** Data under study follows **

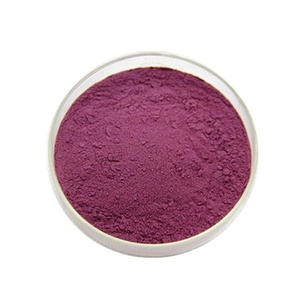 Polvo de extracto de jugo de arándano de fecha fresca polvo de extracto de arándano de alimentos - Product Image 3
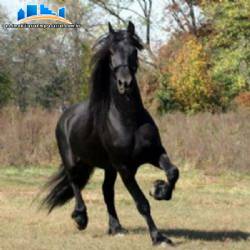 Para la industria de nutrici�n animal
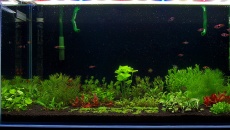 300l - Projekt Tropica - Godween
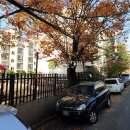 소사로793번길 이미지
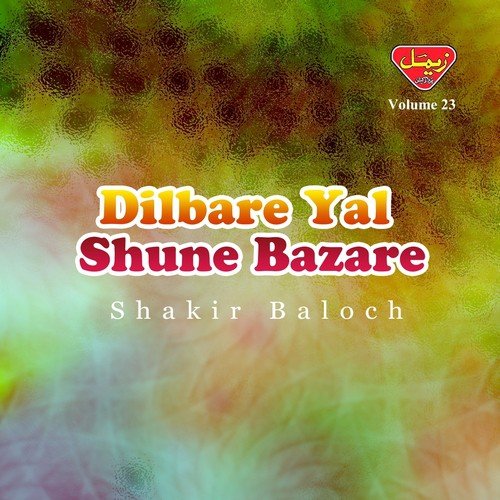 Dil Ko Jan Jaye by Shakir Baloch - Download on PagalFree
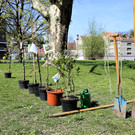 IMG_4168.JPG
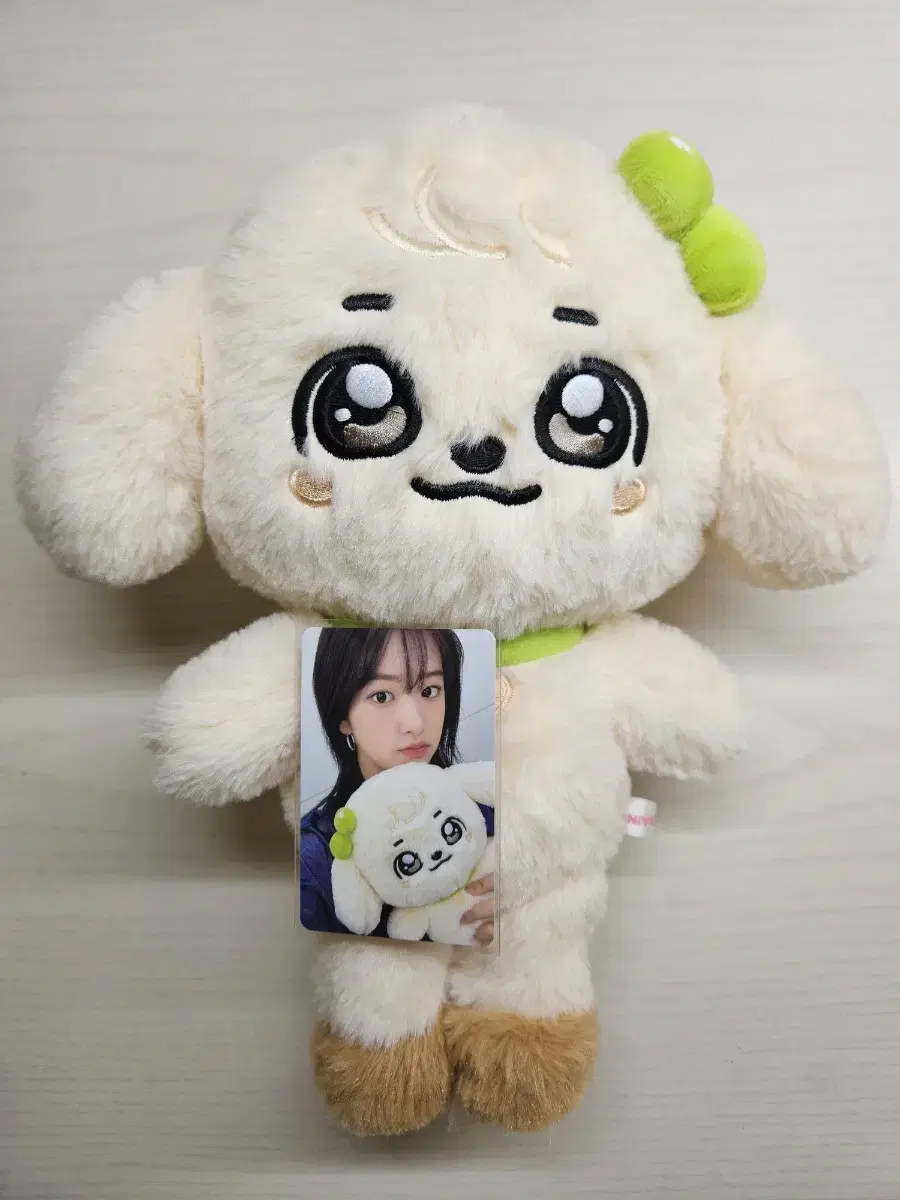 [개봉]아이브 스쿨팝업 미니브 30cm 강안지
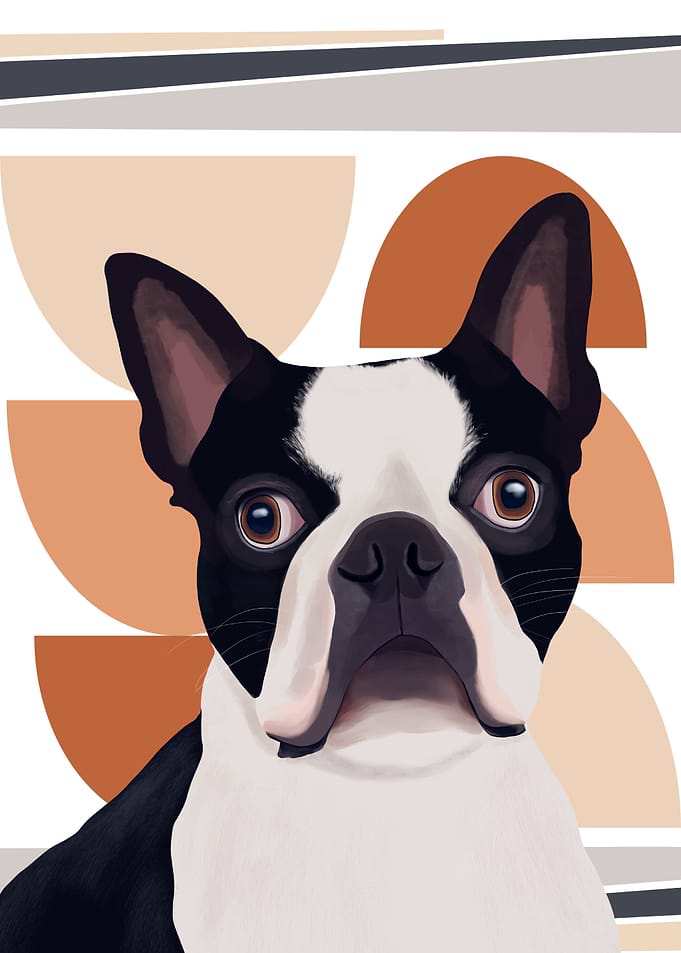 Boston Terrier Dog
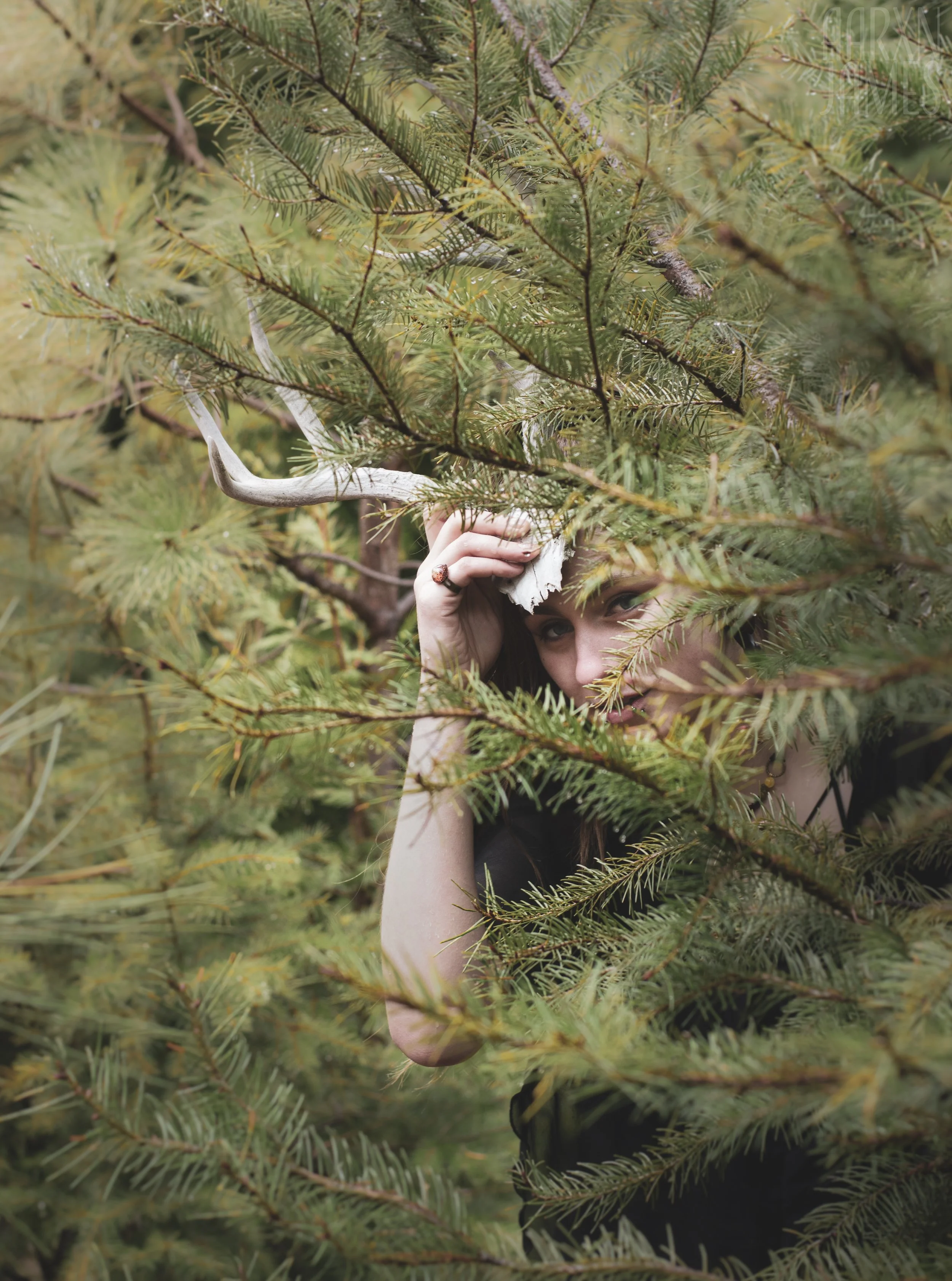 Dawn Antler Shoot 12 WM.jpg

** End of Data under study **

Please copy the records above word for word, leaving out every picture.

 Polvo de extracto de jugo de arándano de fecha fresca polvo de extracto de arándano de alimentos - Product Image 3
 Para la industria de nutrici�n animal
 300l - Projekt Tropica - Godween
 소사로793번길 이미지
 Dil Ko Jan Jaye by Shakir Baloch - Download on PagalFree
 IMG_4168.JPG
 [개봉]아이브 스쿨팝업 미니브 30cm 강안지
 Boston Terrier Dog
 Dawn Antler Shoot 12 WM.jpg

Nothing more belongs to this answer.